Cruz kept cutting off Jackson’s answers, which were similar to answers from the first times she was asked questions about those cases. He said she was not answering the questions.
Durbin stepped in and said: “I would at least give you an opportunity to speak, and you should at least give her a chance to respond.”
That gave Jackson an opening to answer. “Senator, I never said I’m not going to answer. I said my answer,” Jackson said before getting cut off by Cruz again. And Cruz kept asking questions after his time had expired, with Durbin banging the chairman’s gavel louder and louder and Cruz shouting. “Apparently, you’re very afraid of the American people hearing the answer to that question,” Cruz said.
Durbin replied to Cruz: “At some point you have to follow the rules.”
Graham had one of the more heated exchanges with Jackson, first over one of her rulings in an immigration case that he called “activism” followed by an extended discussion about her sentencing of people who have collected child pornography online. “Wait a minute, judge, you think it is a bigger deterrent, to take somebody who’s on a computer looking at sexual images of children in the most disgusting way, is to supervise their computer habits versus putting them in jail?” Graham said.
“No, senator, I didn’t say versus,” Jackson said.
“That’s exactly what you said,” Graham said, one of several times he interrupted her answers over the next few minutes.
Durbin at one point said: “Senator, your time has expired, and I’m going to give her an opportunity to finally complete an answer.”
Jackson had a back-and-forth with Cornyn about whether she agreed that accusing someone of a crime meant you are calling them a criminal. It referred to a question Cornyn asked Tuesday about a brief Jackson wrote while representing a detainee at Guantánamo Bay, Cuba, that referenced war crimes and, Cornyn had said, called President George W. Bush a “war criminal.”

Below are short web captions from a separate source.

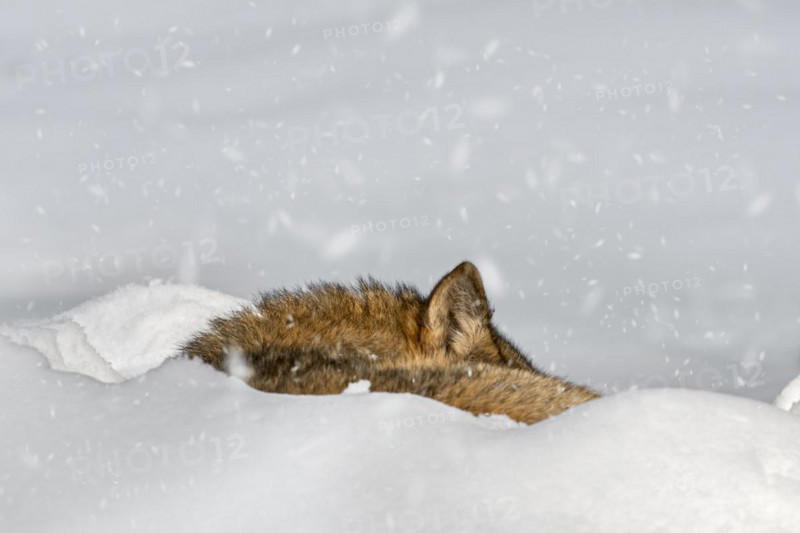 Close up of gray wolf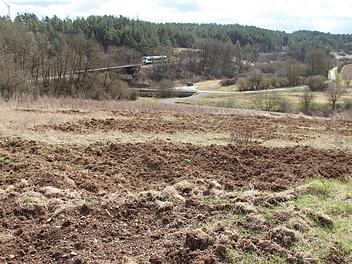 Wildschweine haben auf der Suche nach Nahrung diese Brache im Tal durchwühlt.Heike Beudert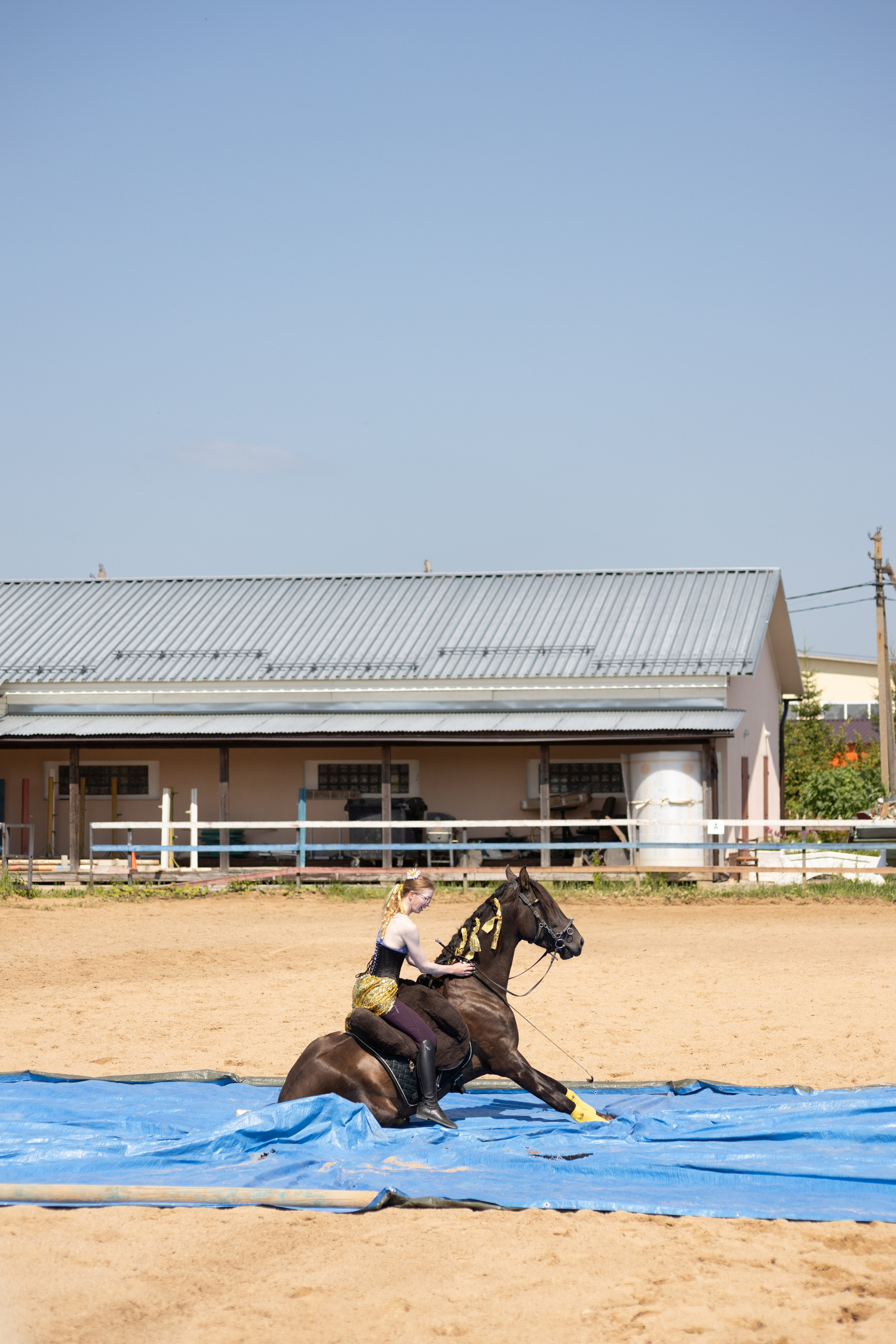 Конюшня. Фотограф в Москве и Истре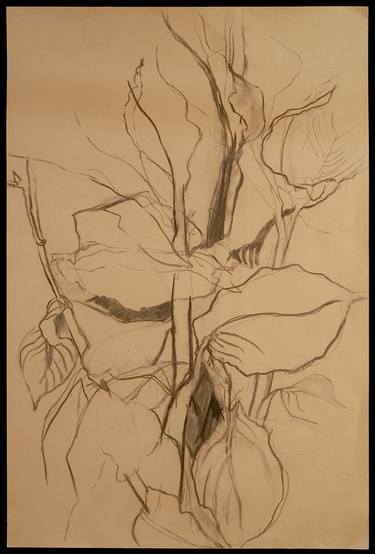 Print of Expressionism Botanic Drawings by Caren Sommer-Lazar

Durbin took time in the hearing Wednesday to point out that she “was one of several lawyers in 2005 signing for essentially boilerplate habeas corpus petitions on behalf of detainees at Guantánamo that claimed the U.S. government had tortured the man and that such acts constitute war crimes.”
Jackson did not explicitly use the phrase “war criminal,” and under Cornyn’s questioning later, she said that it depends on the circumstances as to whether you’re calling someone a criminal. “I just don’t think that’s credible, judge,” Cornyn said of her answer.
But Jackson’s demeanor didn’t shake, making it likely that her performance at the confirmation hearing did not threaten support from the Democratic caucus, which can confirm her without the help of Republicans if they stick together.
Key Republicans had already predicted Jackson would be confirmed.
Jackson would be filling a vacancy created by the retirement of Justice Stephen G. Breyer, meaning her appointment would not change the conservative 6-3 ideological tilt of the Supreme Court.
Shortly after Cruz’s shouting match with Durbin, Nebraska Republican Sen. Ben Sasse asked Jackson about proposals to film Supreme Court hearings. “We should recognize jackassery we often see around here is partly because of people mugging for short-term camera opportunities,” Sasse said.
And when Cruz spoke again to try to introduce a letter, Vermont Democratic Sen. Patrick J. Leahy spoke up to stop him. “I know the junior senator from Texas likes to get on television, but most of us who have been here a long time try to follow the rules,” Leahy said.